The lightly wooded landscape between the Merri and Moonee Ponds Creeks attracted pastoralists in the 1840s. In 1850 a Government survey laid out a township in an area along the Moonee Ponds Creek valley, now known as Westmeadows, but then named Broadmeadow. An Anglican church was built in 1850, and the church, police station and Broadmeadows hotel (now Westmeadows Tavern), in Ardlie Street were the first village centre. The old Council chamber and office are nearby.

East of the old village is today’s Broadmeadows, for which the early town centre was Campbellfield. In 1857 the Broadmeadows District Road Board was formed. Its area had Essendon on the south and it extended as far north as Mickleham, placing the village very much in the southern third of the Road District.

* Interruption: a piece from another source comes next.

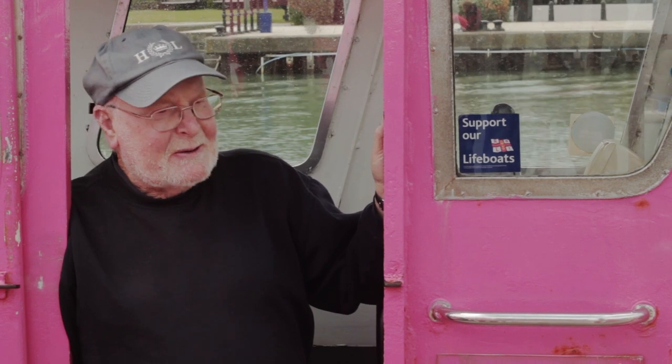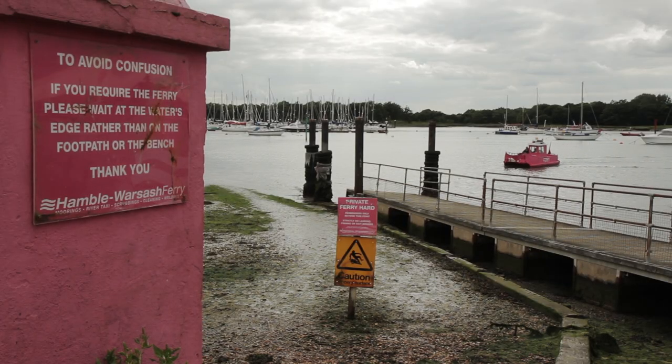When Mike Lindsell took it over about 11 years ago, he decided that he would like to have it noticed, and so everything belonging to the ferry was painted pink. Obviously it was a colour that not many people wanted, but it's caught on, worked very well, and it's known everywhere now as the Pink Ferry.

A primary school was established by the Anglican church in 1851, becoming a State school in 1870 (now Westmeadows). In 1872 the railway line was extended form Essendon to Seymour, creating a station about 2 km. east of the village. At the height of the landboom in 1889 another line was opened from Coburg, joining the Seymour line at Somerton. A station was provided at Campbellfield. These lines tended to draw subdivision and speculation eastwards, away from the Broadmeadows village. Hence the naming of the local municipal council as Broadmeadows shire on 27 January, 1871, did not reflect where the district’s future prosperity lay. The village was isolated westwards, separated from the railway areas by open grass lands. Broadmeadows consisted of farms, many of them dairying, and the few large holdings were subject to closer settlement subdivision during the early 1900s. The shire was enlarged on 1 October, 1915, when the shire of Merriang, to the north-west, was added. In 1903 The Australian Handbook described Broadmeadows as –

Two weeks and one day after the outbreak of the first world war the Australian Army established the Broadmeadows Military Camp in the open area between Broadmeadows and Campbellfield. Reticulated water was connected in five days, a project which the shire had been unable to persuade the Board of Works to undertake in seven years of negotiation. The camp and the surrounding areas were the venue of numerous bivouacs and military exercises.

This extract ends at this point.